Better late? – the Isa Genzken retroactive

The timing in itself felt strange, like the delayed – and more effective – late appearance of the chief character in a play.

Jacqueline Rose, “The Haunting of Sylvia Plath,” On Not Being Able to Sleep, 2003

genzken 3Walking through the Isa Genzken retrospective at MoMA the other day I noticed that if I looked at a work before reading the wall label, I was always wrong in guessing the date of the work, thinking it was earlier. In general, I was off by anything from 15 to 20 years, and sometimes more, although in some rooms a 20-year difference was common.

Virtually all the works seemed to me to have been made earlier than they were. It’s as if the works occupy an obliquely parallel temporal relation to earlier works by other artists (like a rhomboidal tracking of those earlier works). The “lateness” of her work didn’t seem to be that of an artist who fixates on a particular historical modality or style and repeats it out-of-time, like a repetition compulsion to stave off the anxiety of a present moment. If so, her work wouldn’t be rhomboidal; it wouldn’t progress. And there’s an acute thoughtfulness to the Genzken work, particularly through the 1990s, that belies nostalgia, academicism or simple borrowing. The word “derivative” does not apply to it. The work conveys an unusual attention to art that has come before it. It has about it a deliberate un-mindfulness of historical timing, as if the works pause stubbornly and un-self-consciously to reflect and filter pre-existing modalities, processes, materials, subjects, forms, events.They take their own time.  In their un-mindfulness they create a glitch in the more typically untroubled movement of museum-time. Viewing the exhibition, I sometimes wanted the work to have been made earlier, but that desire was always frustrated.

genzken 1The curators refer to her “radical inventiveness.” But to me, the most interesting aspect of the work is that it’s not “radical” as we’ve come to understand that term. Nor is it “inventive” as the word is typically used by curators and critics. It seems to be insistently un-inventive, unconcerned with the radical, unless we define as radical a subtle reflection on and recalibration of what has come before. This work depends on the time-lag. And this begs the question of whether we understand timeliness in art. It also begs the question of how we define “influence.”

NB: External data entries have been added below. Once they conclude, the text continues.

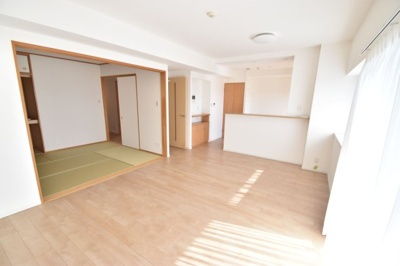 【居間・リビング】 | フローレンス井口台ビューステージ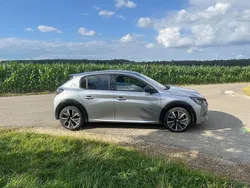 Grau Gebraucht 2022 Peugeot e-208 GT Kleinwagen | 20.900 € (Etwas zu teuer)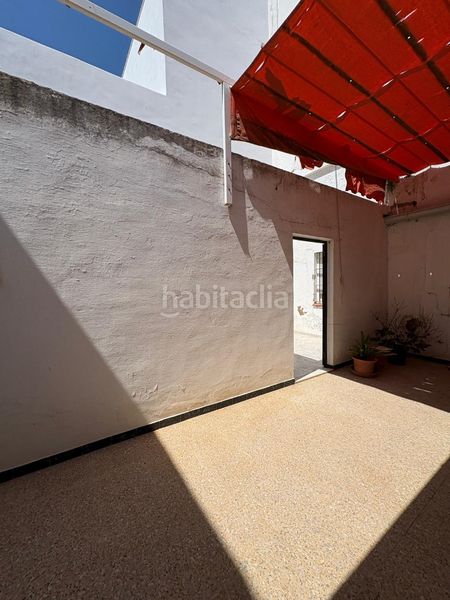 Foto bac269b7-fbf1-4064-b1b1-784498129148. Casa aparellada a Carmona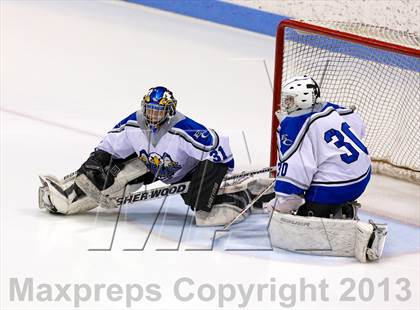 Thumbnail 3 in East Catholic vs. Warde/Ludlowe (CIAC Division II Finals) photogallery.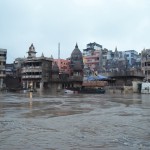 Manikarnika ghat z řeky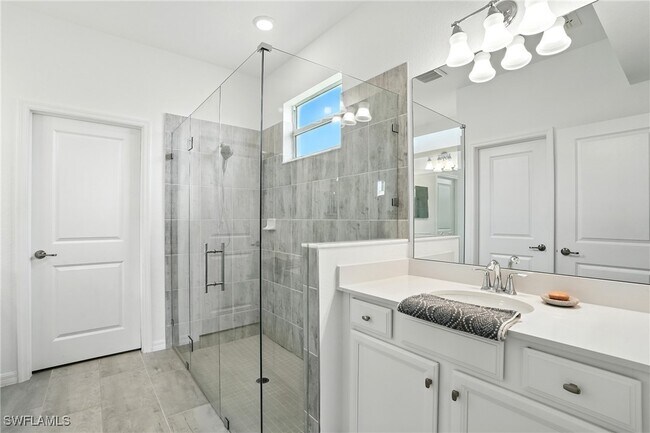 property at 1676 Alameda Dr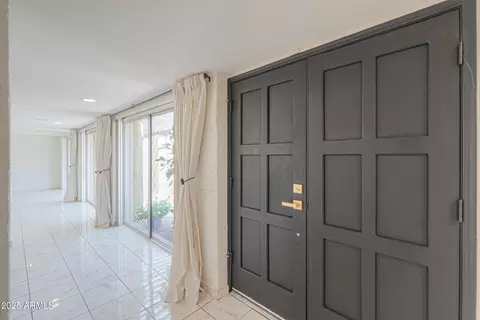 Entry Way - 1131 N Cherry --, Mesa, AZ 85201 photo 2 of 6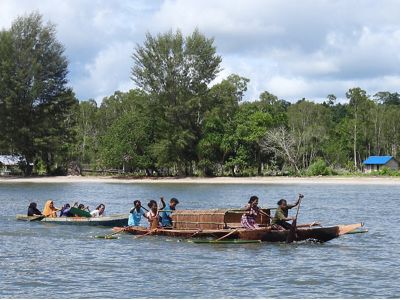 The rowing competition, which was participated by both male and female groups, became one of the events that attracts the attention of all residents. Wala Dance, a traditional dance of the Matbat Tribe, tells the story of their ancestral journey.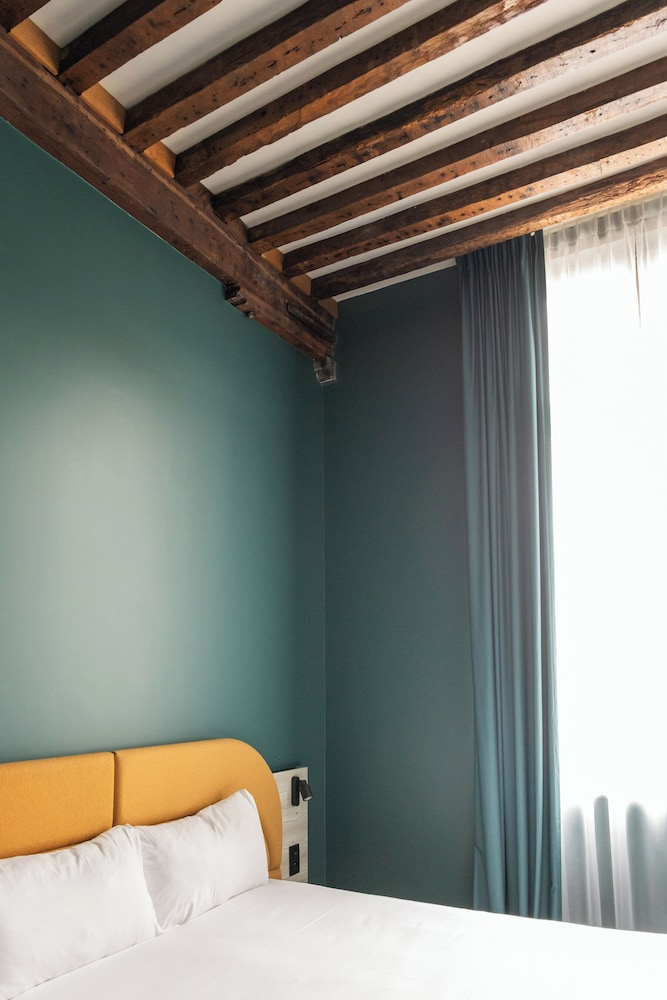 ibis Styles Brugge Centrum — Hotel rooms in Bruges, Flanders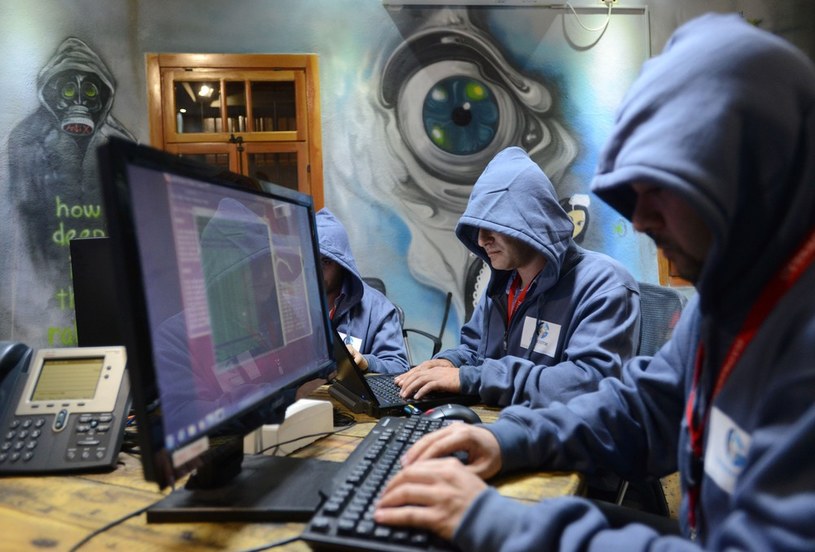 Dziś wszystkie państwa świata korzystają z pomocy hakerów. Tutaj przy pracy zespół izraelski /East News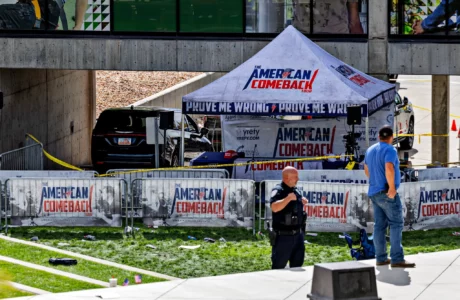 Vrasja e Charlie Kirk ngjall frikën e rritjes së dhunës politike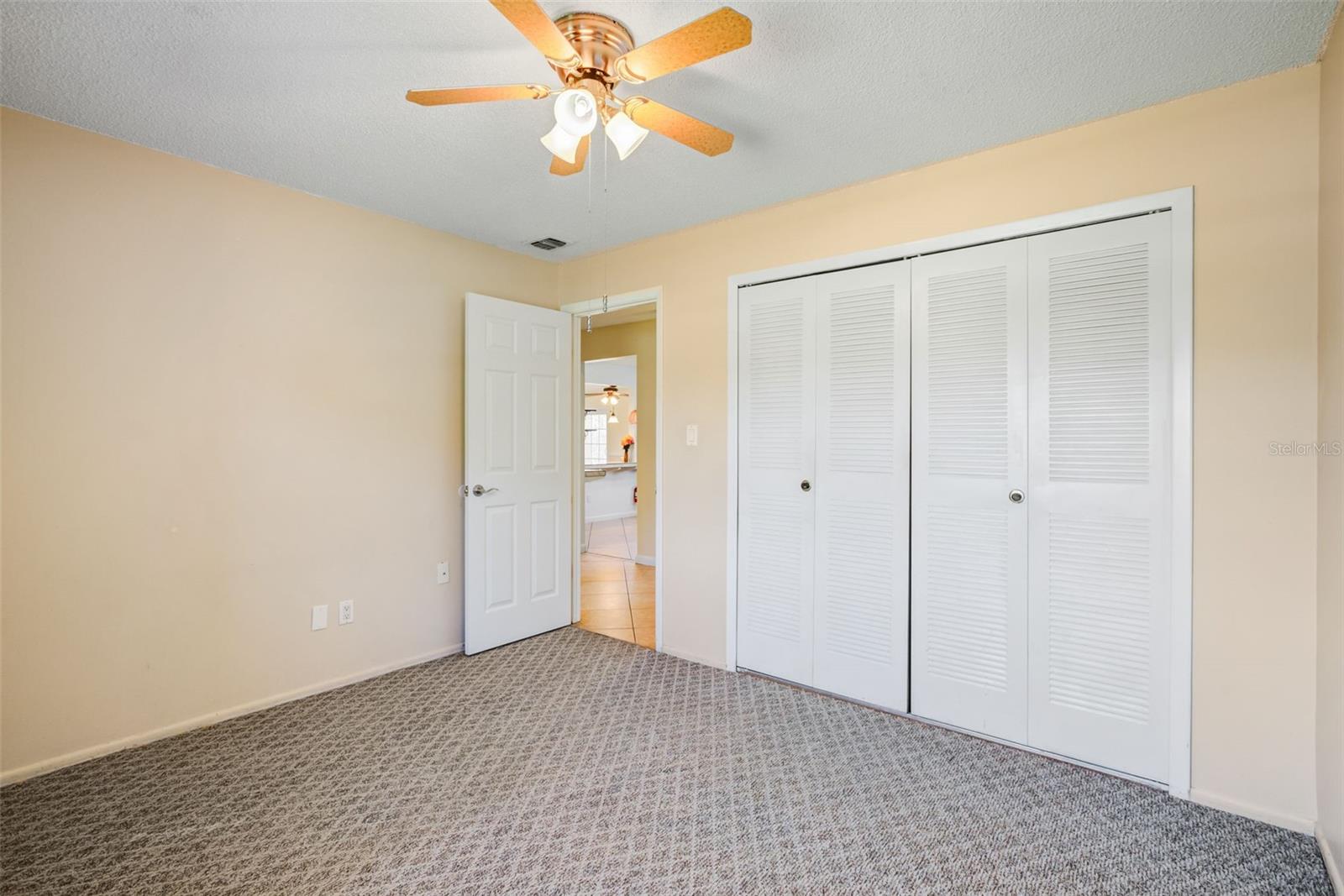 RIO PINAR WOODS - Residential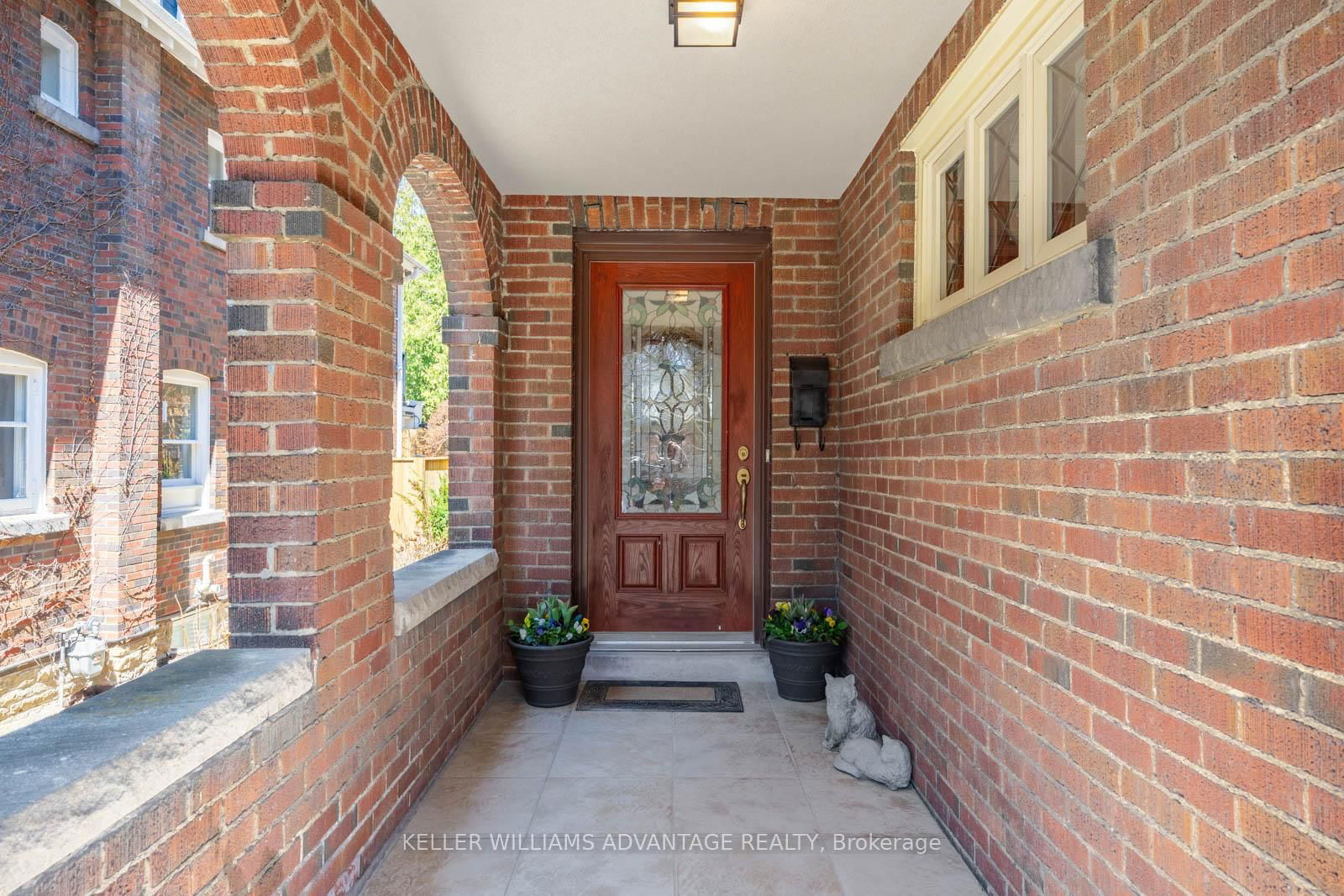 Detached House for sale at 122 Garfield Avenue, Toronto, Rosedale-Moore Park, M4T 1G1 - MLS: C12097665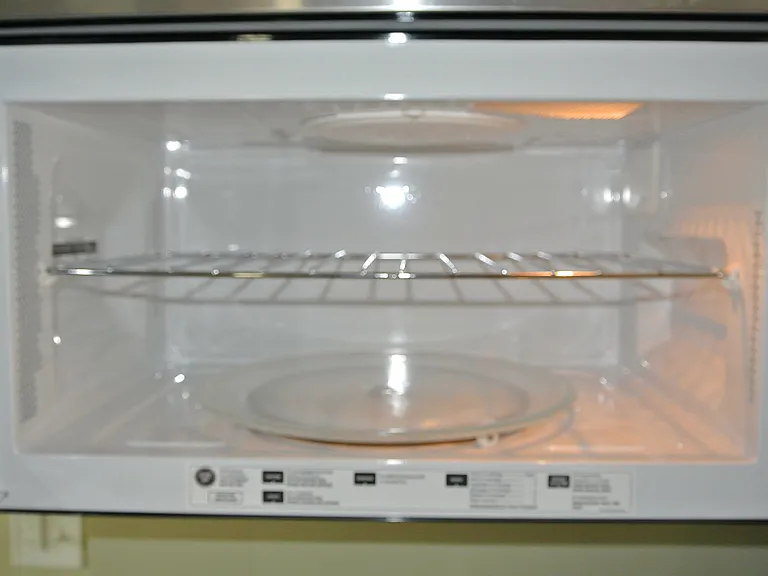 1978 E 126th St #5 — Photo 11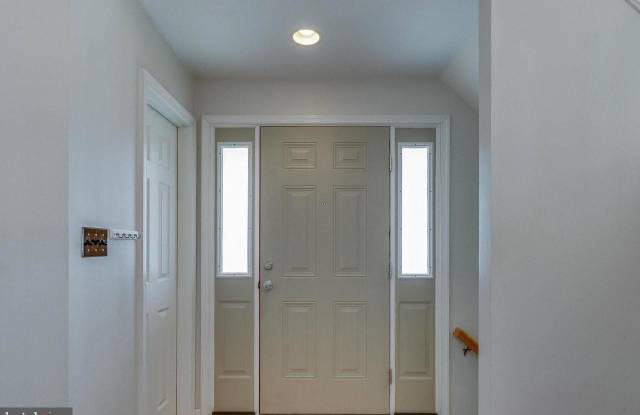 13201 FOX RIPPLE LANE - 13201 Fox Ripple Lane, McNair, VA 20171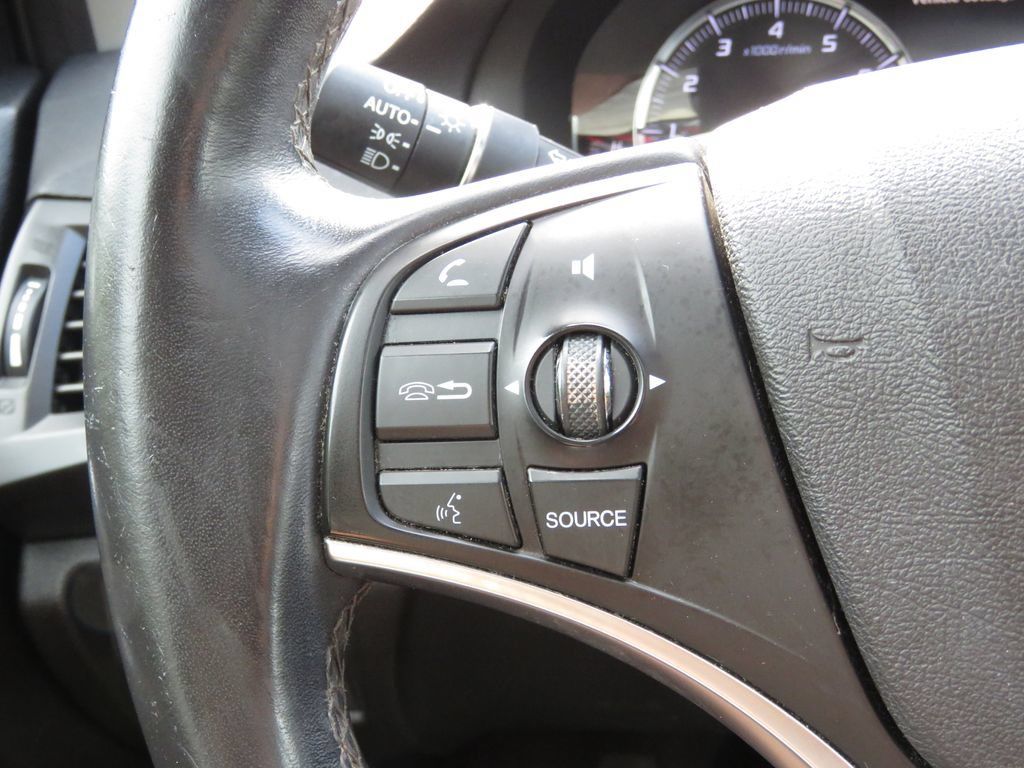 Used 2018 Acura MDX SH-AWD image 23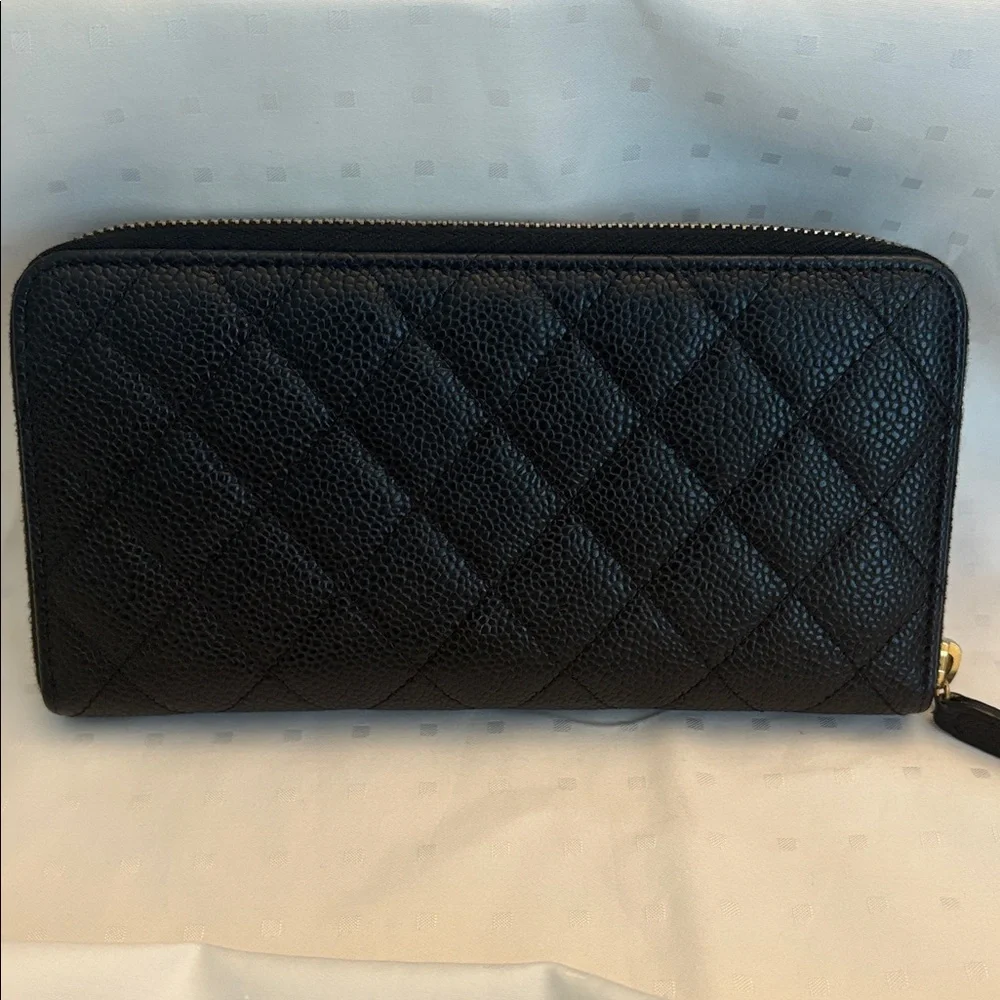 Chanel Black Caviar Leather Zip Wallet with Original COA (EUC) 🖤🖤🖤 - Picture 4 of 16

genzken 5Can someone who lags behind in a critical manner be considered an influence as typically defined? (And maybe a few less qualifiers of her purported influence could have been omitted from the MoMA website text altogether – “Isa Genzken is arguably one of the most important and influential female artists of the past 30 years.”)

genzken 6The fact that the Genzken work reflects on, processes, and filters earlier practices without employing the use of language is particularly interesting because it means the spectator has to think through one visual language to think about another visual language differently. I don’t doubt that I saw an exhibition that many others, less historically-minded others, have not. But that may just speak to defining more broadly – less broadly, more subtly? -the contemporary challenges of curatorial and critical work.

3 comments
  1. urbachmarina said:

    ‘The curators refer to her “radical inventiveness.” But to me, the most interesting aspect of the work is that it’s not “radical” as we’ve come to understand that term. Nor is it “inventive” as the word is typically used by curators and critics. It seems to be insistently un-inventive, unconcerned with the radical, unless we define as radical a subtle reflection on and recalibration of what has come before. This work depends on the time-lag. And this begs the question of whether we understand timeliness in art. It also begs the question of how we define “influence.”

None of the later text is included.